[[ Data records, beginning ]]
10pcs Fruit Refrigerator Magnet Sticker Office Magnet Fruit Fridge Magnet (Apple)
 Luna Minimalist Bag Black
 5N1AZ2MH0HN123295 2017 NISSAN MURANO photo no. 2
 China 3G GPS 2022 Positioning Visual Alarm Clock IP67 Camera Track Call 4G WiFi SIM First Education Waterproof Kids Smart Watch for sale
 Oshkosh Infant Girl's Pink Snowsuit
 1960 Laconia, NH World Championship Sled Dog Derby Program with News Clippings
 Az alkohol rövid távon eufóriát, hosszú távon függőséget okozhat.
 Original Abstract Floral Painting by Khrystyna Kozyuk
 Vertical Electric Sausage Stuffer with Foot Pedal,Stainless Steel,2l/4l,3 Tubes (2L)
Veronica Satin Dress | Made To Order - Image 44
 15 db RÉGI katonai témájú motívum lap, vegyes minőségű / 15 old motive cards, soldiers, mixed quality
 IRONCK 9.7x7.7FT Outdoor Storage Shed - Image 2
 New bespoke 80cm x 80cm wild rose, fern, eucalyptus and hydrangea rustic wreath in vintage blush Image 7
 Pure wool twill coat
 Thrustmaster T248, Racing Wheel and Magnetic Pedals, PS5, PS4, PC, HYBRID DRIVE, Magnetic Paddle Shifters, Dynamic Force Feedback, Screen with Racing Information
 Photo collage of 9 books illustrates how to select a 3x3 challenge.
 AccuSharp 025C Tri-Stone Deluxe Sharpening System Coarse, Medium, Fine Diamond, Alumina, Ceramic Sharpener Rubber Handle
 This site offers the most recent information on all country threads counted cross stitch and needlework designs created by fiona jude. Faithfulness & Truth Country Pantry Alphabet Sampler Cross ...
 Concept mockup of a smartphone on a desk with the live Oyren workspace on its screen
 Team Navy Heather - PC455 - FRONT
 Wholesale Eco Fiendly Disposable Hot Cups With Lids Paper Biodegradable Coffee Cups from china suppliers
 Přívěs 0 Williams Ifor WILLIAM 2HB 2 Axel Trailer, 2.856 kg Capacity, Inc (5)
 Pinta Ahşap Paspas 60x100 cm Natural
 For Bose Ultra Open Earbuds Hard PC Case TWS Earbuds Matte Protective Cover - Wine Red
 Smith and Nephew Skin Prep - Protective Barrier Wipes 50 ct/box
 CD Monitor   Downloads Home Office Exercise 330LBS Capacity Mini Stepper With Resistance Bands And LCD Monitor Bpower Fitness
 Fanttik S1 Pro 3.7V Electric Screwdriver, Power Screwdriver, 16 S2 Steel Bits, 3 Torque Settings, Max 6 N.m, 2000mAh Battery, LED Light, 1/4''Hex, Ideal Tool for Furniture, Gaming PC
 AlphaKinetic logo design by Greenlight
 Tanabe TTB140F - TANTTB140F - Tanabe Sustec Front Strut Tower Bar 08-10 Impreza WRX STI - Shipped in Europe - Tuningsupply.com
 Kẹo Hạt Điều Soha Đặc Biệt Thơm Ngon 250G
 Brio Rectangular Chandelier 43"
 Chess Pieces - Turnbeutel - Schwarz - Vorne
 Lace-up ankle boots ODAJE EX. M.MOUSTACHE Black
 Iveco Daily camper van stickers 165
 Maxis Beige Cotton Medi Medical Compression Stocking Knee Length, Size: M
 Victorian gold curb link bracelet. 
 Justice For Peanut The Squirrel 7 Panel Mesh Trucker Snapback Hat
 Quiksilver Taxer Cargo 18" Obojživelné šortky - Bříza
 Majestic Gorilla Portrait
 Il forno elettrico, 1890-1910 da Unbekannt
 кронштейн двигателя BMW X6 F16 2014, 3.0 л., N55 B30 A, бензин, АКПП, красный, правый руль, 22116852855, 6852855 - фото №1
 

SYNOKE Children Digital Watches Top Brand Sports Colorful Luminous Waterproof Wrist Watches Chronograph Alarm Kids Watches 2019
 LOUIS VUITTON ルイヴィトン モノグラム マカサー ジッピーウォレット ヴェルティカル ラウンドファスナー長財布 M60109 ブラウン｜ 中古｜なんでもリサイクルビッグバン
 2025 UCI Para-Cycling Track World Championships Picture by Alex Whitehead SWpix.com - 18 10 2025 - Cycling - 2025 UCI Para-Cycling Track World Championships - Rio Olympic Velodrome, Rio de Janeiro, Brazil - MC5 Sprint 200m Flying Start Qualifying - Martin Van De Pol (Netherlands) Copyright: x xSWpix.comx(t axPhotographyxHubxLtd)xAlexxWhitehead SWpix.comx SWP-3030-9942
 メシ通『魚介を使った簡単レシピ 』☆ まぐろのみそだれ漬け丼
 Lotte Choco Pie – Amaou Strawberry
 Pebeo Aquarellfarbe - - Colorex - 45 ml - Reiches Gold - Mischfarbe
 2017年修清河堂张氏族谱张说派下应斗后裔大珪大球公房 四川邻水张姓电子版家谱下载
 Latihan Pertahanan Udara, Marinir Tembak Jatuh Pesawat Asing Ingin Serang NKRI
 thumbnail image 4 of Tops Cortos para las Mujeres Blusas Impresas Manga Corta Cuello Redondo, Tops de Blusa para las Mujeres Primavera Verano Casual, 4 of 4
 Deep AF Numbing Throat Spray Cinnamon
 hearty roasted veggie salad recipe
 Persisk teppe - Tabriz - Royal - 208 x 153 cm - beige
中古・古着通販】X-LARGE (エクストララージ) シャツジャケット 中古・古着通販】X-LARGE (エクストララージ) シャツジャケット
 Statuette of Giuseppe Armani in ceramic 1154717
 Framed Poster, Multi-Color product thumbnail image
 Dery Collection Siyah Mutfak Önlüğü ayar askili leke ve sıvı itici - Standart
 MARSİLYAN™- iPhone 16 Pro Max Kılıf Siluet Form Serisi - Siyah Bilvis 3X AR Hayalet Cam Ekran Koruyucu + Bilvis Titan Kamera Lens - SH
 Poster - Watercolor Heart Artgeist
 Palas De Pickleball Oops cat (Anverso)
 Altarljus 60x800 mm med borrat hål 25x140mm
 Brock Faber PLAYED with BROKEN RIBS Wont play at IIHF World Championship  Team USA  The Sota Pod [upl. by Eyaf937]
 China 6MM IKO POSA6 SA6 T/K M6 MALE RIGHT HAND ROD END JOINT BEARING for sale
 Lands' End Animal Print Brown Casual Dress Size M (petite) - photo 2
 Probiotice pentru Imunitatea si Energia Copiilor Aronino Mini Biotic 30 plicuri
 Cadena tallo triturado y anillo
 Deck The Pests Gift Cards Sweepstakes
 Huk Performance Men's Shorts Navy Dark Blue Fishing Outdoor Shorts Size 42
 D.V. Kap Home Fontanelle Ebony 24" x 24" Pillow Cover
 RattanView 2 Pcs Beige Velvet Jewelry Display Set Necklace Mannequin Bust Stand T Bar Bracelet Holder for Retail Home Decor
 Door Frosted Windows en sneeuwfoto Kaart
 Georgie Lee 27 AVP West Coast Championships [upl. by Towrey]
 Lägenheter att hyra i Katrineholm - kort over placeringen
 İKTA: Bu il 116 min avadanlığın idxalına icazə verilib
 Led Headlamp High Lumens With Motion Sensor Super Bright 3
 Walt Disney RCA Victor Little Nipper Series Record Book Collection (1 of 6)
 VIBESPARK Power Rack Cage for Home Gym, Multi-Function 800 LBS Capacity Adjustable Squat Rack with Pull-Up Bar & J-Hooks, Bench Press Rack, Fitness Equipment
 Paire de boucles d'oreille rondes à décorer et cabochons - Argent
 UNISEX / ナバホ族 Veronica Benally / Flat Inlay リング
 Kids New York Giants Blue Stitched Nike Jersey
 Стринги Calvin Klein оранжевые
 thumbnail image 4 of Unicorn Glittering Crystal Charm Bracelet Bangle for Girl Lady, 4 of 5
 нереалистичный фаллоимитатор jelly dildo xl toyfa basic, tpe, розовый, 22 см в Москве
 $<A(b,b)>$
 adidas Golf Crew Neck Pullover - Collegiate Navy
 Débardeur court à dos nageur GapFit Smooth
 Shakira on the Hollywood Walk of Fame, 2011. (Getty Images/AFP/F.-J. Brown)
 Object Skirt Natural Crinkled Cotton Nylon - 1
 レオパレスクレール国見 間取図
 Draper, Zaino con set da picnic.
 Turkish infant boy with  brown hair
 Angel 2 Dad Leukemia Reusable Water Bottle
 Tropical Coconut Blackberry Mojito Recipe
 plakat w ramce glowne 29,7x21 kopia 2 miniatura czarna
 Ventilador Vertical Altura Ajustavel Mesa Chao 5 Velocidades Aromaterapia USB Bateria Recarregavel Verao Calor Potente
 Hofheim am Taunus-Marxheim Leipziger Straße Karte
[[ Data records, end ]]
» About this task: Could you restate, word for word, the lines above from the one with "Original Abstract Floral" to the one with "AlphaKinetic logo design by Greenlight", both included?

» Expected output:
 Original Abstract Floral Painting by Khrystyna Kozyuk
 Vertical Electric Sausage Stuffer with Foot Pedal,Stainless Steel,2l/4l,3 Tubes (2L)
Veronica Satin Dress | Made To Order - Image 44
 15 db RÉGI katonai témájú motívum lap, vegyes minőségű / 15 old motive cards, soldiers, mixed quality
 IRONCK 9.7x7.7FT Outdoor Storage Shed - Image 2
 New bespoke 80cm x 80cm wild rose, fern, eucalyptus and hydrangea rustic wreath in vintage blush Image 7
 Pure wool twill coat
 Thrustmaster T248, Racing Wheel and Magnetic Pedals, PS5, PS4, PC, HYBRID DRIVE, Magnetic Paddle Shifters, Dynamic Force Feedback, Screen with Racing Information
 Photo collage of 9 books illustrates how to select a 3x3 challenge.
 AccuSharp 025C Tri-Stone Deluxe Sharpening System Coarse, Medium, Fine Diamond, Alumina, Ceramic Sharpener Rubber Handle
 This site offers the most recent information on all country threads counted cross stitch and needlework designs created by fiona jude. Faithfulness & Truth Country Pantry Alphabet Sampler Cross ...
 Concept mockup of a smartphone on a desk with the live Oyren workspace on its screen
 Team Navy Heather - PC455 - FRONT
 Wholesale Eco Fiendly Disposable Hot Cups With Lids Paper Biodegradable Coffee Cups from china suppliers
 Přívěs 0 Williams Ifor WILLIAM 2HB 2 Axel Trailer, 2.856 kg Capacity, Inc (5)
 Pinta Ahşap Paspas 60x100 cm Natural
 For Bose Ultra Open Earbuds Hard PC Case TWS Earbuds Matte Protective Cover - Wine Red
 Smith and Nephew Skin Prep - Protective Barrier Wipes 50 ct/box
 CD Monitor   Downloads Home Office Exercise 330LBS Capacity Mini Stepper With Resistance Bands And LCD Monitor Bpower Fitness
 Fanttik S1 Pro 3.7V Electric Screwdriver, Power Screwdriver, 16 S2 Steel Bits, 3 Torque Settings, Max 6 N.m, 2000mAh Battery, LED Light, 1/4''Hex, Ideal Tool for Furniture, Gaming PC
 AlphaKinetic logo design by Greenlight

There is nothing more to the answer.